From my perspective - do you even need a database?
SQLite is kind-of the middle ground between a full fat database, and 'writing your own object storage'. To put it another way, it provides 'regularised' object access API, rather than, say, a variant of types in a vector that you use filter or map over.
If I would write my own data storage I would re-implement SQLite. Why would I want to do that?
Not sure if this is quite what you are getting at, but the SQLite folks even mention this as a great use-case: https://www.sqlite.org/appfileformat.html
As a backend database that's not multi user, how many web connections that do writes can it realistically handle? Assuming writes are small say 100+ rows each?

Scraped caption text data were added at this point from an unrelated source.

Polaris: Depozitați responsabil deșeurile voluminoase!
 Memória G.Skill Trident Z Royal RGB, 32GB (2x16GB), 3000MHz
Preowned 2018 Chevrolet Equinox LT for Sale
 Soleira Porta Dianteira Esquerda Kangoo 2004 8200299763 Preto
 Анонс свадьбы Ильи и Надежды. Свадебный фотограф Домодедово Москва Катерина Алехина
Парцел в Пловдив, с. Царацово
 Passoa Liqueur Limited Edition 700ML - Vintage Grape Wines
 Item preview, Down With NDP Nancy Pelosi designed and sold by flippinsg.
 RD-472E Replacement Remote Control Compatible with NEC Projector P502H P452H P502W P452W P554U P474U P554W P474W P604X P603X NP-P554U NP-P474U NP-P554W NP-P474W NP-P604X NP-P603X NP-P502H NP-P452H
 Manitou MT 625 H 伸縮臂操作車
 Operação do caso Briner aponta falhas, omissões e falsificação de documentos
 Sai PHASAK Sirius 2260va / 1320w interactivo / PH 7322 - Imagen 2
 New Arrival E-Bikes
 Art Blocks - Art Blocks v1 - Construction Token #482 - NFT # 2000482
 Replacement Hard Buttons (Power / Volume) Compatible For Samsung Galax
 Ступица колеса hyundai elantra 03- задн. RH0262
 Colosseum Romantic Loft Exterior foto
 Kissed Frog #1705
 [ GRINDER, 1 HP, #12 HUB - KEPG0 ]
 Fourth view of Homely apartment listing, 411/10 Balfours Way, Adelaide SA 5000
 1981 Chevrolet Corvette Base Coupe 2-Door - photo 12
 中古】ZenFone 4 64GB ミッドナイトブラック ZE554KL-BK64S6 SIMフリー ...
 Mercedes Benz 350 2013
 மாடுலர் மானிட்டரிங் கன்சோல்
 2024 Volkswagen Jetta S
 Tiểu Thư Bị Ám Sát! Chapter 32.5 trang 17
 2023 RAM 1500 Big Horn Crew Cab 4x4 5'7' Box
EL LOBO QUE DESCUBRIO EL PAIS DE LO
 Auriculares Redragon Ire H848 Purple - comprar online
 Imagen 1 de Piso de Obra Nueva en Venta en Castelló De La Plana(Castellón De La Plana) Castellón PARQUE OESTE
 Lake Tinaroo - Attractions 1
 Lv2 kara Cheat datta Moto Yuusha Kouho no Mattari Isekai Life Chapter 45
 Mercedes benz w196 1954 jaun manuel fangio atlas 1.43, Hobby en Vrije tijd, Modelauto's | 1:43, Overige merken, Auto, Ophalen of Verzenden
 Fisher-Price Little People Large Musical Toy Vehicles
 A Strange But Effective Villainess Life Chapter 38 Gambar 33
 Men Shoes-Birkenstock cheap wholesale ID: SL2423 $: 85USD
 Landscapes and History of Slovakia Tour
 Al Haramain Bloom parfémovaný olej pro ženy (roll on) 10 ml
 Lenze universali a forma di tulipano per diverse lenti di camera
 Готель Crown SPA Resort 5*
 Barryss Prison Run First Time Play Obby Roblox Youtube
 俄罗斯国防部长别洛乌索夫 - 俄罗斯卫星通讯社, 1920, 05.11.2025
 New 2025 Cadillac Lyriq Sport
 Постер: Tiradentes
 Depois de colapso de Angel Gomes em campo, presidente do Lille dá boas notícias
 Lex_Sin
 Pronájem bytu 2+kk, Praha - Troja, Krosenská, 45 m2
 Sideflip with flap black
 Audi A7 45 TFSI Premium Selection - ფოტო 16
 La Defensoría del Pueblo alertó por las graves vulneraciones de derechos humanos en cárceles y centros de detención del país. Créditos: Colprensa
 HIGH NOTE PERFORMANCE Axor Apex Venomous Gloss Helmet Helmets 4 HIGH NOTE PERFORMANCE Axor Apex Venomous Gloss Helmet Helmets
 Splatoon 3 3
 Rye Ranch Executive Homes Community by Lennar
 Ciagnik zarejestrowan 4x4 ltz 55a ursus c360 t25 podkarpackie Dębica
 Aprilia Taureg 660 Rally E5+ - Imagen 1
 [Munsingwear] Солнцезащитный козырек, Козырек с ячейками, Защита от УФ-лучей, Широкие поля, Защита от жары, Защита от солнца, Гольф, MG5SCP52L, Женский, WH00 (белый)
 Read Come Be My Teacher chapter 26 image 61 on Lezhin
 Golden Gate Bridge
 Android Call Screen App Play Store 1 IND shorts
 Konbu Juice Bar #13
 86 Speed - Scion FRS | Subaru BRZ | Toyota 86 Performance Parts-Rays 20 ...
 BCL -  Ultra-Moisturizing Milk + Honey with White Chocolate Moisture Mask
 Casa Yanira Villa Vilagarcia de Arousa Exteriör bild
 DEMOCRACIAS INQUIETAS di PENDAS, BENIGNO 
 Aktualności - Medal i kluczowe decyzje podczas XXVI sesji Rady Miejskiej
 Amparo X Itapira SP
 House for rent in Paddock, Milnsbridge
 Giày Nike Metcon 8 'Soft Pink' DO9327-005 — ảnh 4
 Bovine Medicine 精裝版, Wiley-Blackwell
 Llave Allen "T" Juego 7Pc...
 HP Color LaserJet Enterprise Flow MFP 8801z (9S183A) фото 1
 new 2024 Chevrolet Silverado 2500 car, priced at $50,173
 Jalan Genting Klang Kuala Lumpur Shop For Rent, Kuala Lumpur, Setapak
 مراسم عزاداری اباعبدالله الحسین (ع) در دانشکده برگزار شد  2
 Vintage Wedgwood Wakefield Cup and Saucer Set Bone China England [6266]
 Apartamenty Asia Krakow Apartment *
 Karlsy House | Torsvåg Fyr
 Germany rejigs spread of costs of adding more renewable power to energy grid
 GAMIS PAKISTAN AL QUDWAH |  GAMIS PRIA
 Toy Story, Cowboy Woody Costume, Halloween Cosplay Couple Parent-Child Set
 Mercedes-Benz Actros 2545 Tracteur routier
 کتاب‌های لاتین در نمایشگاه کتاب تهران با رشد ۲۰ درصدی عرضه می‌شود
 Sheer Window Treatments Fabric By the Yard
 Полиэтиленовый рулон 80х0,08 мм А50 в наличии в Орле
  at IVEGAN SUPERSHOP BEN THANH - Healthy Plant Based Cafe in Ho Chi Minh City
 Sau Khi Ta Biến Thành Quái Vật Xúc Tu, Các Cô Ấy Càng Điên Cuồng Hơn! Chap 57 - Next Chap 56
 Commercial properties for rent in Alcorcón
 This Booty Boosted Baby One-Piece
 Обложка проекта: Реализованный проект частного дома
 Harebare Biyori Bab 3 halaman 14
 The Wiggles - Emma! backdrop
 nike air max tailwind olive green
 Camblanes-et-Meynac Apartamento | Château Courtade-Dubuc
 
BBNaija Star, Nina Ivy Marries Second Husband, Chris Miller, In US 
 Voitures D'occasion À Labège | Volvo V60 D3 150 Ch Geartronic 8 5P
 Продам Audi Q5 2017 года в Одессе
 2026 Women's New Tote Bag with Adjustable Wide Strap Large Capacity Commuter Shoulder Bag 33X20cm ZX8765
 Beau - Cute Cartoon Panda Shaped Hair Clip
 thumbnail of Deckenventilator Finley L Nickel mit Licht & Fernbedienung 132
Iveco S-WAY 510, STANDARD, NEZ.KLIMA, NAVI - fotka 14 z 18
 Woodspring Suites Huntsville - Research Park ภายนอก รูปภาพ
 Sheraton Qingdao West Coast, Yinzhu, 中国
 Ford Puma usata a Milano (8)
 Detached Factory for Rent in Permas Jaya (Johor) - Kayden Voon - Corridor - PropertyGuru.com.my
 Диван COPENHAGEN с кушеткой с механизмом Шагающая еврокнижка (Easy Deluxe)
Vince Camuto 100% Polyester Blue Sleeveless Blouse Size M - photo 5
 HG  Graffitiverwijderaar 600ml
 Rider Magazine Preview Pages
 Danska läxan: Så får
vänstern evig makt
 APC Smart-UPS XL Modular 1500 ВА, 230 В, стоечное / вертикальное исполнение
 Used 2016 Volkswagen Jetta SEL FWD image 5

Any mitigation strategy for larger use cases?
Thanks in advance!
After 2 years in production with a small (but write heavy) web service... it's a mixed bag. It definitely does the job, but not having a DB server does have not only benefits, but also drawbacks. The biggest being (lack of) caching the file/DB in RAM. As a result I have to do my own read caching, which is fine in Rust using the mokka caching library, but it's still something you have to do yourself, which would otherwise come for free with Postgres. This of course also makes it impossible to share the cache between instances, doing so would require employing redis/memcached at which point it would be better to use Postgres.
It has been OK so far, but definitely I will have to migrate to Postgres at one point, rather sooner than later.
How would caching on the db layer help with your web service?
In my experience, caching makes most sense on the CDN layer. Which not only caches the DB requests but the result of the rendering and everything else. So most requests do not even hit your server. And those that do need fresh data anyhow.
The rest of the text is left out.